Directions for this task:
Task for the records below: please copy exactly, and only, the lines from the one containing "手机对孩子都有哪些潜在的危害" to the last line, both included, leaving out the pictures.

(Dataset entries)
##############################

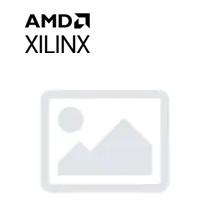 China XCVM2202-1LSEVSVC2197 Xilinx factory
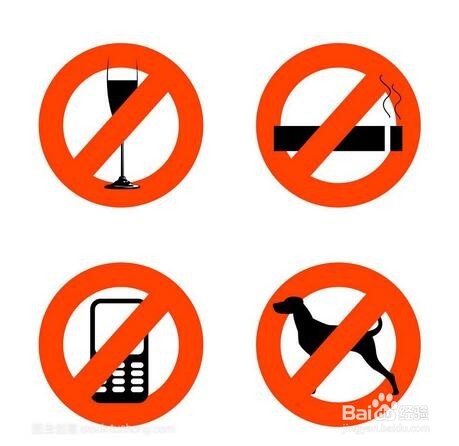 手机对孩子都有哪些潜在的危害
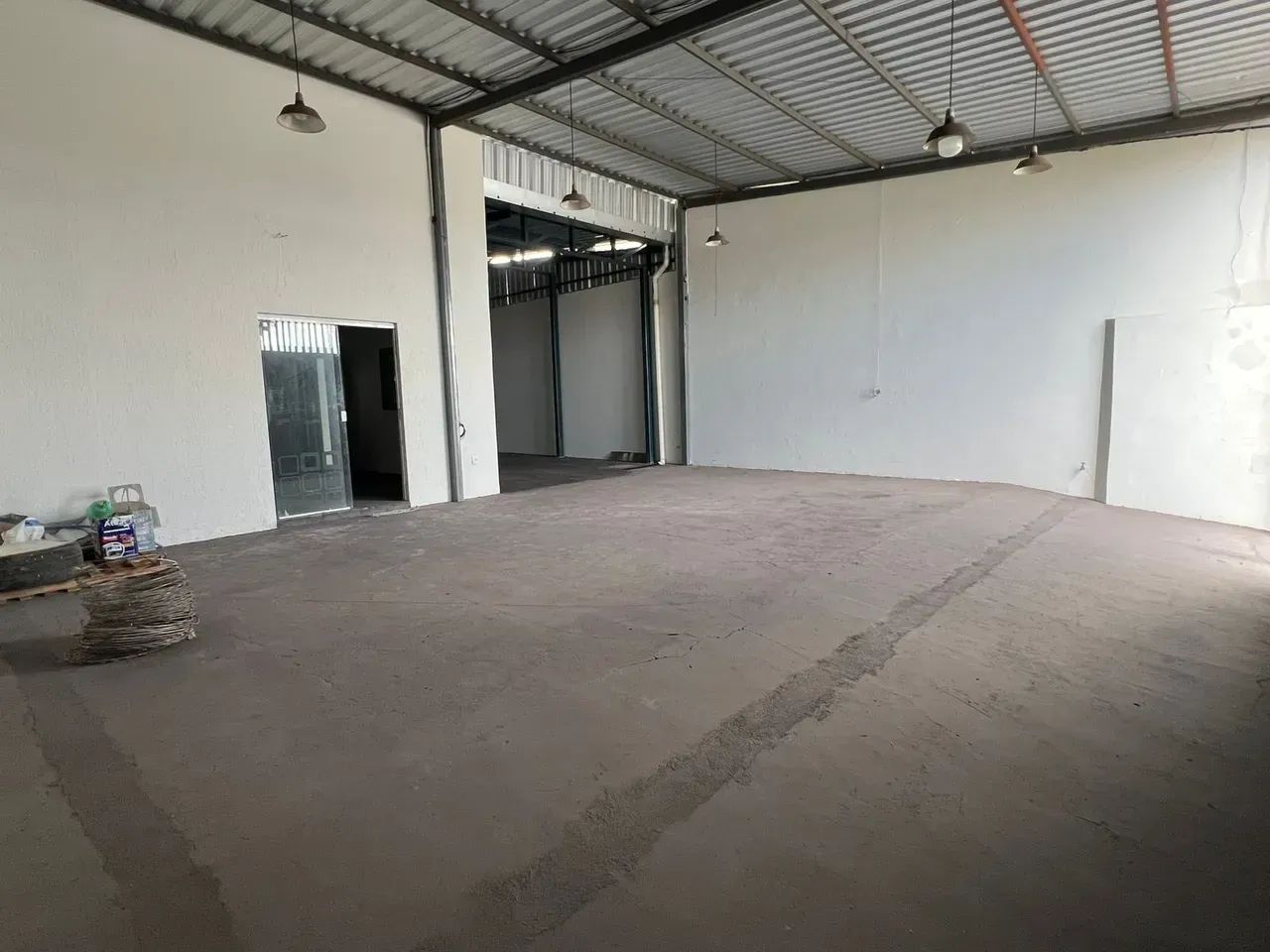 Imóvel para aluguel no bairro Santa Rosa - Uberlândia - MG - Foto 3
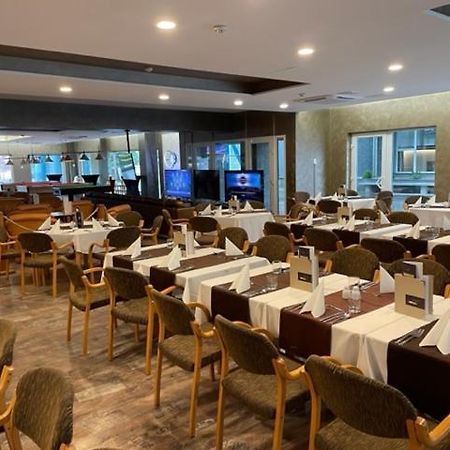 Franci Wellness Apartman 잘라카로쉬 외부 사진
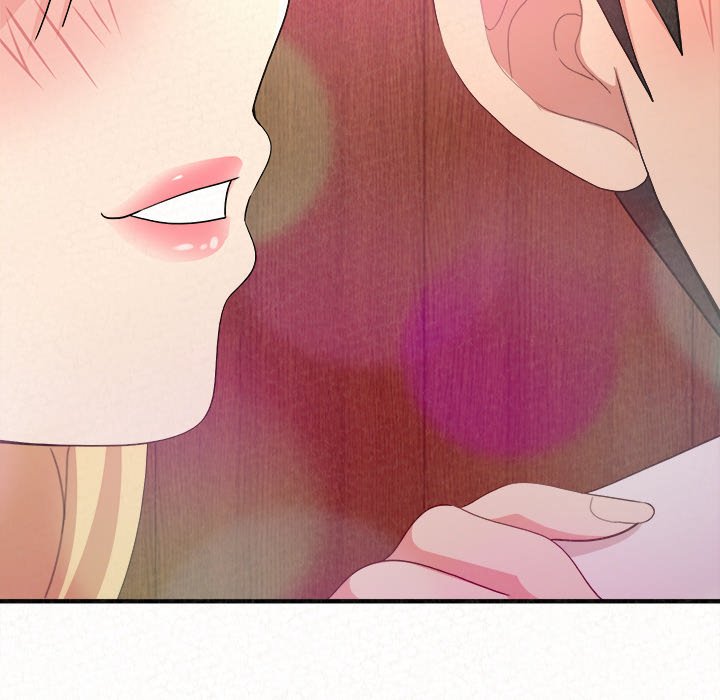 Milk Therapy Chapter 03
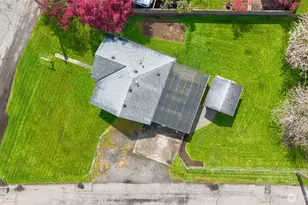 4345 334th Pl SE, Fall City, WA 98024 - Photo 27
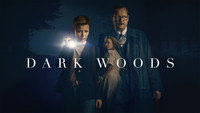 Обои к сериалу «Тёмный лес (2020)» — (12 из 18)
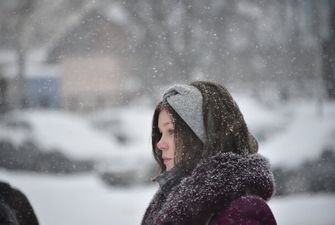 Теплий антициклон повертається до України: синоптик дала обнадійливий прогноз на найближчі дні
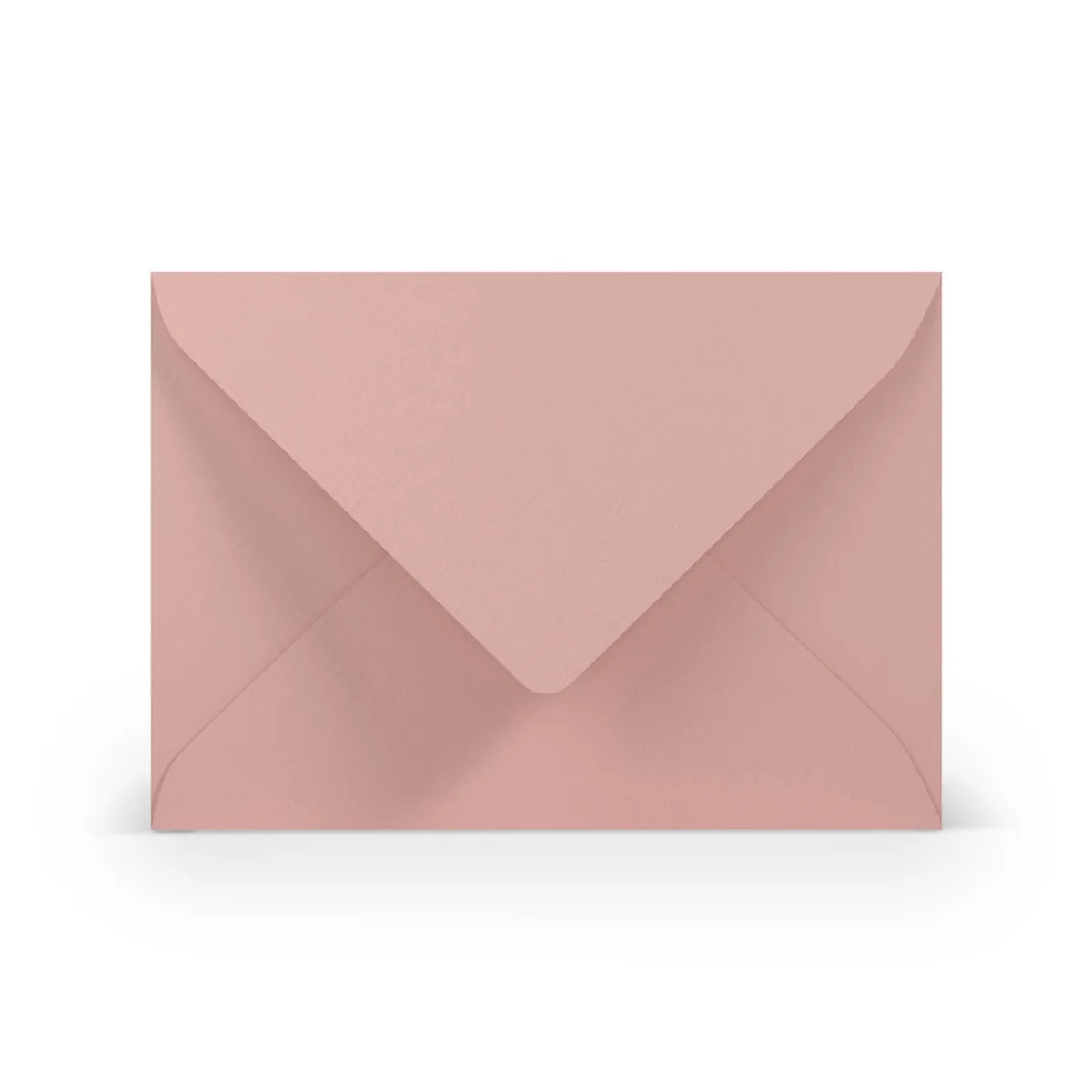 Rössler Kuvert C6 5p rosa | Kuvert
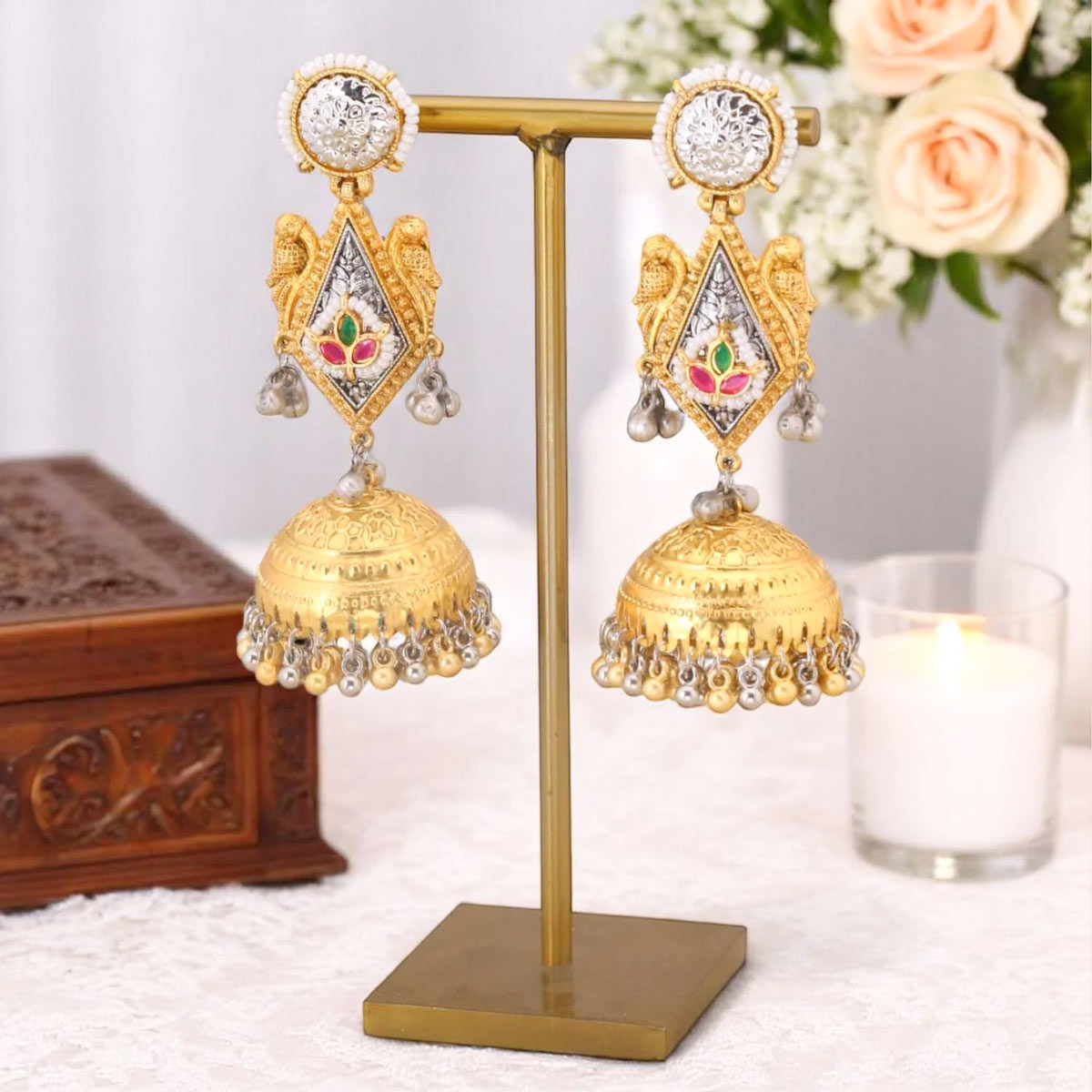 4 - 2025-05-21T124334.286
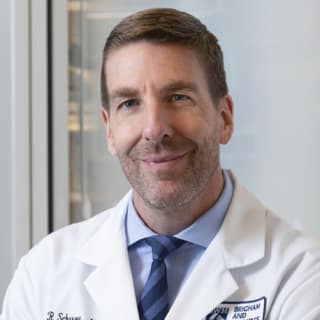 Clemens Scherzer, MD, Neurology, Boston, MA, Brigham and Women's Hospital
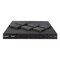 Monoprice Blackbird 4K HDMI Matrix 8x8 HDBaseT HDR 18G 4K at 60Hz YCbCr 4:4:4 HDCP 2.2 EDID 39670 - alternate 1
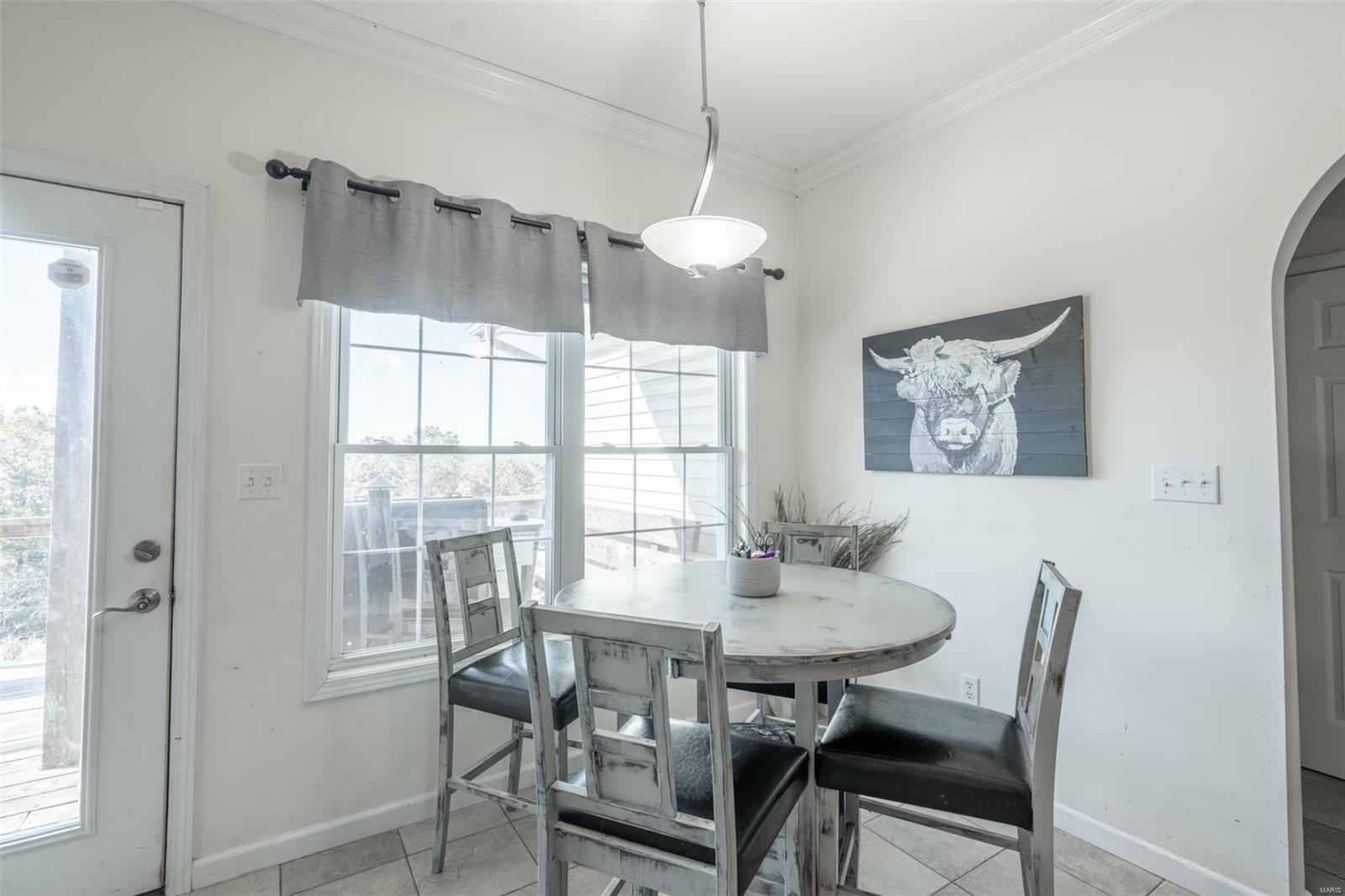 810 Wayne Route V Property Photo 22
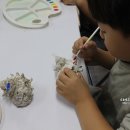 온평리경로당 이미지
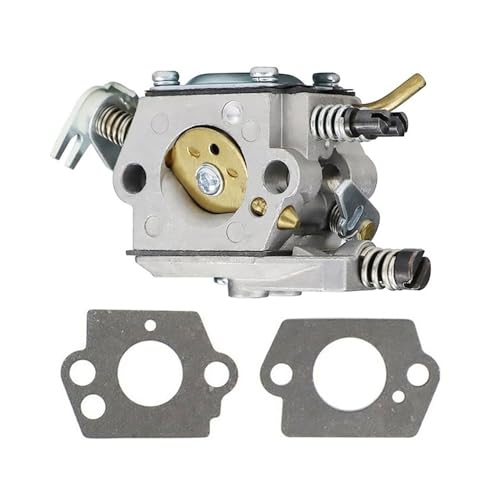 Carburateur 577133001 résout les pannes de démarrage du modèle 225R
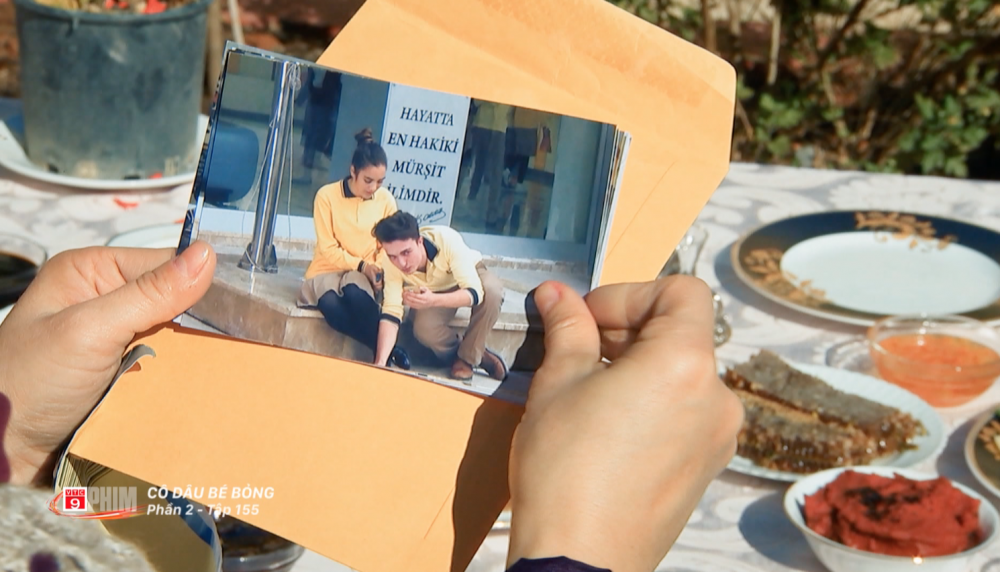 Screen Shot 2018-06-27 at 4.28.15 PM 22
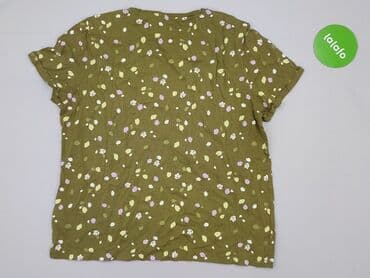 koszulka z orlem kupisz: Tom Tailor, T-shirt damski, L — 3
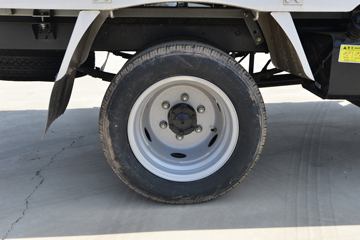  T2S 2023 ׼ 1.5L 102  2.55˫΢()ͼƬ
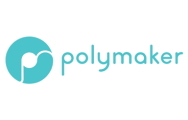 Polymaker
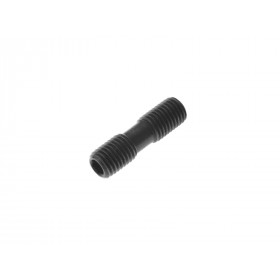 SECO-00040016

##############################

Answer space:
 手机对孩子都有哪些潜在的危害
 Imóvel para aluguel no bairro Santa Rosa - Uberlândia - MG - Foto 3
 Franci Wellness Apartman 잘라카로쉬 외부 사진
 Milk Therapy Chapter 03
 4345 334th Pl SE, Fall City, WA 98024 - Photo 27
 Обои к сериалу «Тёмный лес (2020)» — (12 из 18)
 Теплий антициклон повертається до України: синоптик дала обнадійливий прогноз на найближчі дні
 Rössler Kuvert C6 5p rosa | Kuvert
 4 - 2025-05-21T124334.286
 Clemens Scherzer, MD, Neurology, Boston, MA, Brigham and Women's Hospital
 Monoprice Blackbird 4K HDMI Matrix 8x8 HDBaseT HDR 18G 4K at 60Hz YCbCr 4:4:4 HDCP 2.2 EDID 39670 - alternate 1
 810 Wayne Route V Property Photo 22
 온평리경로당 이미지
 Carburateur 577133001 résout les pannes de démarrage du modèle 225R
 Screen Shot 2018-06-27 at 4.28.15 PM 22
 koszulka z orlem kupisz: Tom Tailor, T-shirt damski, L — 3
  T2S 2023 ׼ 1.5L 102  2.55˫΢()ͼƬ
 Polymaker
 SECO-00040016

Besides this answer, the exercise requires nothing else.